Having overreacted to the terrifying thought that Obama might move the court away from their ideological control, Republicans realized that they needed to come up with some kind of rationale beyond naked partisanship — they needed a talking point they could rally around. They hit on the notion that a president in the final year of his term should surrender his constitutional duty to put forward a Supreme Court nominee and instead allow the American people to weigh in by electing someone else to do this. Of course, the American people did elect and reelect a president whose tasks include proposing appointments to the Supreme Court, but the Republicans clearly believe that elections they lose don’t really count and so they’re entitled to try again with new candidates in the hope of getting someone they prefer.

Then again, they might get someone they don’t prefer. It occurred to some Republicans that the new president might give them a nominee they like less than the nominee they have before them now, and so Senator Orrin Hatch, among others, floated the possibility that if Hillary Clinton wins the election, it might be better to confirm Obama’s choice rather than let her choose someone who might be even further to the left, as well as younger and thus likely to be on the court longer. In other words, let’s leave the choice to the president who the American people choose next, unless we like the president they choose next even less than the one they chose before, in which case that thing about giving them a voice in deciding which way the court should move no longer applies, so let’s confirm Obama’s pick before the American people’s choice of Clinton comes into effect.

Oh wait, in the latest twisting in the wind, Hatch has changed his mind and now thinks that rather than continue to be exposed as a fool and a hypocrite for saying it would be okay if Obama rather than Hillary made the choice, now he’d be okay waiting for Hillary.

Yes, the Democrats are playing this as theater, but at least their script has tradition and principle behind it: The people elected a president, the president makes a nomination to the court, the Senate holds a hearing and affirms or rejects the nominee. The Republicans lack any guiding principle beyond a willingness to toss all of this aside in its quest for political advantage.

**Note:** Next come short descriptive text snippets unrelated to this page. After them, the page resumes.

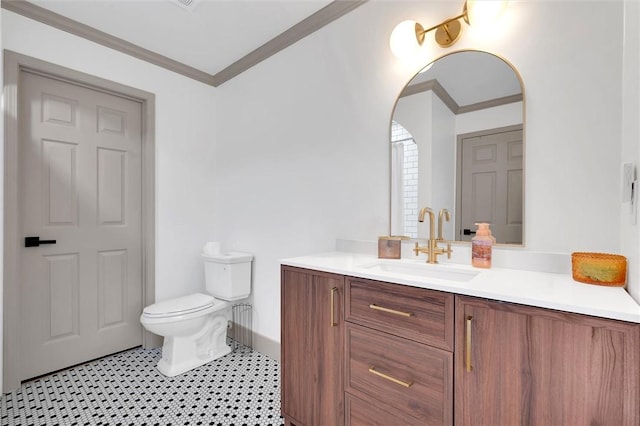 bathroom featuring toilet, vanity, tile patterned floors, and crown molding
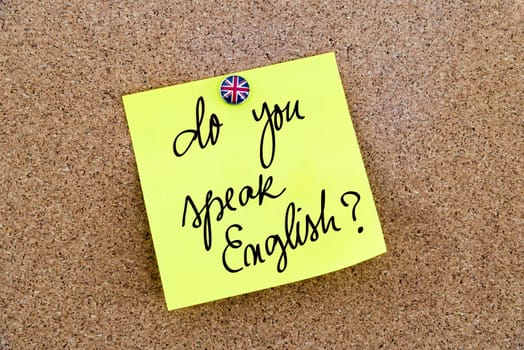 Yellow paper note pinned on cork board with Great Britain flag thumbtack, written text Do You Speak English ?, British Business concept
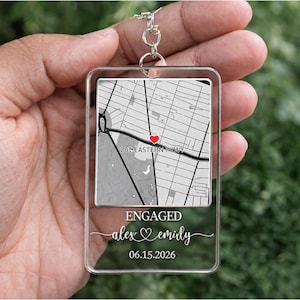 May include: Clear acrylic keychain with a map design, a red heart, and the text "201 EASTERN PKWY." The keychain also features the words "ENGAGED" and the names "alex & emily" with the date "06.15.2026."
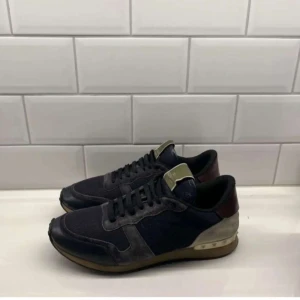Valentino Rockrunner - Säljer dessa feta Valentino Rockrunner Sneakers i mörkblå färg. Skorna är väldigt bekväma och är i ett använt skick men ända bra skick.  Skorna är storlek 43,5 men passar allt upp till 45. Priset är diskutabelt vid snabb affär. Hör av er vid mer frågor samt funderingar!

As to Obama supposedly being a lame duck, Republicans haven’t yet pointed out what other constitutional duties they expect him to surrender — for example, signing or vetoing legislation that might have significant long-term effects, negotiating or signing treaties, engaging in activities involving his status as commander-in-chief — or whether Republican senators or members of Congress now in the last year of their term intend to set an example for the president by surrendering any legislative duties that might have consequences beyond the end of their terms. It doesn’t seem likely that they will.

It’s no surprise that Republicans would try to keep an additional liberal from the court, but the fact that they reached for a sledgehammer when all they needed was the casual flick of a finger shows how hysterically and reflexively obstructionist they are.